---------- Records to use
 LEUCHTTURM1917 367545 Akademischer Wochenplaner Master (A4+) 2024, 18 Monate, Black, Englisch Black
--------------------
---------- Records to use
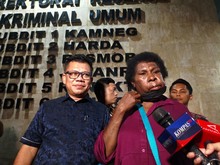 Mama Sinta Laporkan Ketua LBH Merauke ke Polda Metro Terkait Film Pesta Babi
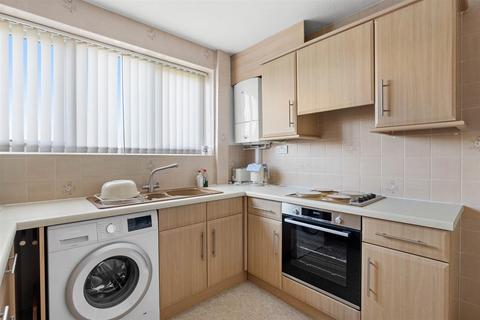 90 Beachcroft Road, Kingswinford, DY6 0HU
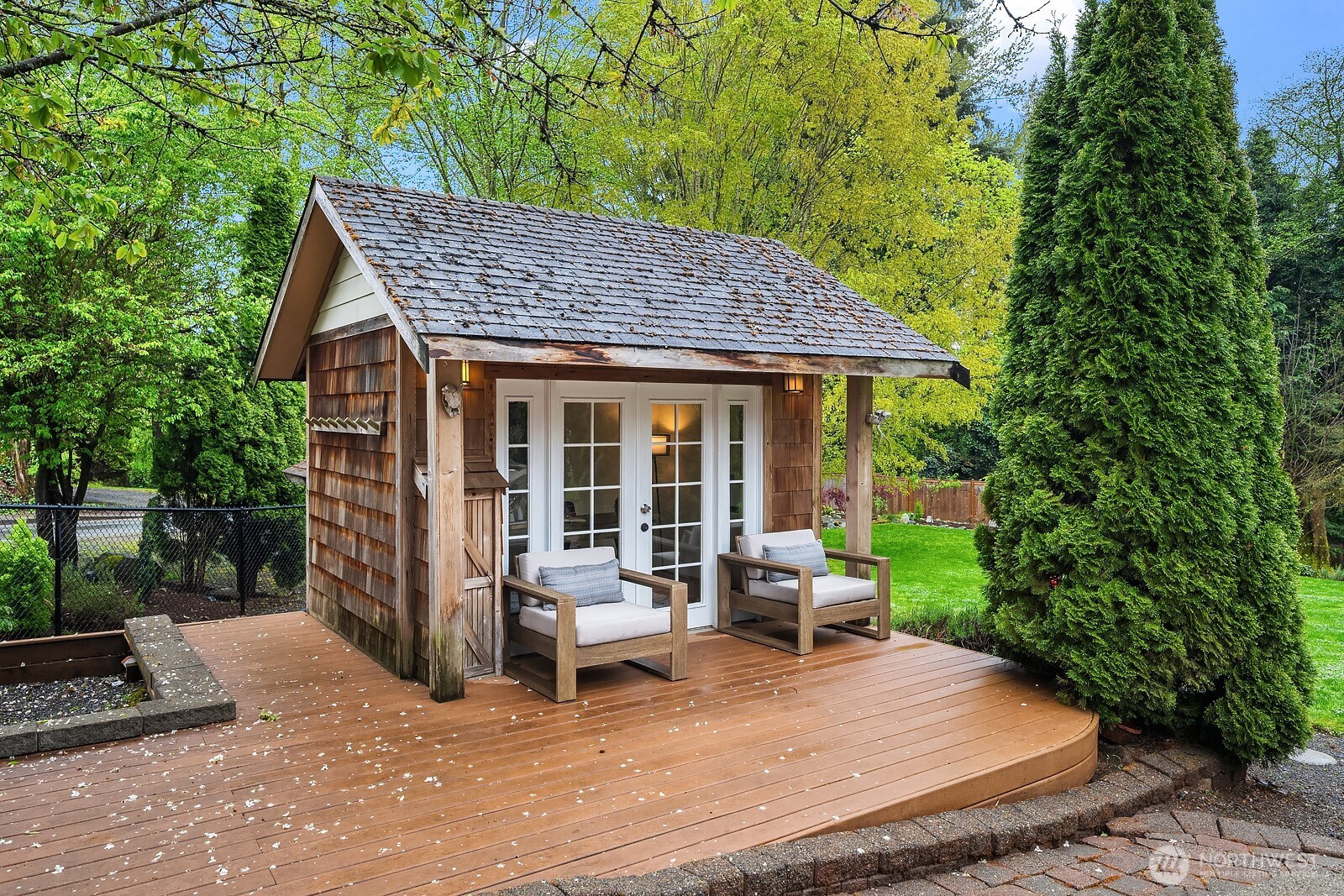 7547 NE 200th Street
--------------------
**About this exercise**
In the listing above, find the line with "Mama Sinta Laporkan" and the line with "7547 NE 200th Street". Copy exactly those two and every line between, without the pictures.

**Response**
 Mama Sinta Laporkan Ketua LBH Merauke ke Polda Metro Terkait Film Pesta Babi
 90 Beachcroft Road, Kingswinford, DY6 0HU
 7547 NE 200th Street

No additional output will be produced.